Lefebvre, Jérémie «L’italienne qui ne voulait pas fêter Noël» (2019)

Auteur : né à Rouen le 29 juin 1972, est un écrivain, comédien et auteur-compositeur français.

Buchet-Chastel « Qui vive » – 24.10.2019 -258 pages

Résumé : Paris, début décembre. Francesca, étudiante palermitaine en Erasmus, a invité à dîner son ami-amant Serguei, professeur à la Sorbonne. Cuisine sicilienne, discussion parisienne : l’appartenance, c’est dangereux ou nécessaire ? Faut-il cultiver ses racines? Francesca défend l’indépendance totale de l’individu. Amusé, Serguei lui rappelle qu’elle est italienne, donc forcément très attachée à sa famille…
C’est agaçant, les clichés. Ca exaspère Francesca. Elle va démontrer à ce petit Français arrogant qu’en Italie, aujourd’hui, il est possible de s’affranchir des traditions. Un roman sur l’attachement et la liberté, léger comme un gelato, corsé comme un ristretto.

C’est l’article intitulé « Noëls rebelles » de Florence Gaillard paru dans la Revue « aimer lire 13» de Payot qui m’a donné envie de lire le livre . Je vous le retranscris ici : « L’appétit surgit aussi de la lecture de Jérémie Lefebvre, auteur français protéiforme d’un roman bavard mais agile, délicieusement ironique et socio-philosophique. L’Italienne qui ne voulait pas fêter Noël peut servir de guide gastronomique des Noëls siciliens, mais c’est avant tout un récit sur les liens, sur la difficulté ou le droit d’y échapper.
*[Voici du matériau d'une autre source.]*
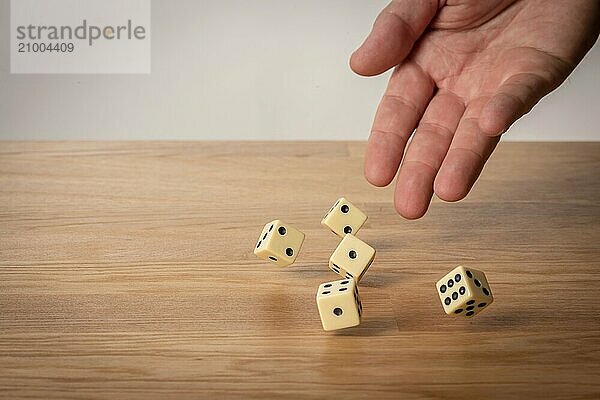 Hand throwing dice in front of a dark background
Ce Noël « buissonnier » et chaotique, au temps des migrants et de Salvini, est vécu et raconté par Francesca, jeune intellectuelle qui vit entre Paris et Palerme. L’auteur est drôle dans sa satire des « rituels » nécessaires à l’équilibre bobo, et il va finalement loin dans le détricotage des attaches, lesquelles échappent aux catégories analytiques savantes. La famille, c’est plus compliqué qu’on le croit. Surtout quand on a des parents siciliens ouverts, aimants et aimables. Comment résister à ce père, par exemple? « Depuis qu’il ne travaille plus, il apprend le bambara et va tous les jours servir des repas aux migrants en les suppliant de renoncer à rejoindre l’Allemagne et l’Angleterre, et il arbore en toutes circonstances un badge avec écrit « Étrangers, ne nous laissez pas seuls avec les Italiens! » agrafé sur son T-shirt. Par ailleurs, bien qu’athée, il ne rate jamais la messe du dimanche soi-disant « parce qu’il faut toujours savoir ce qui se trame chez l’adversaire. »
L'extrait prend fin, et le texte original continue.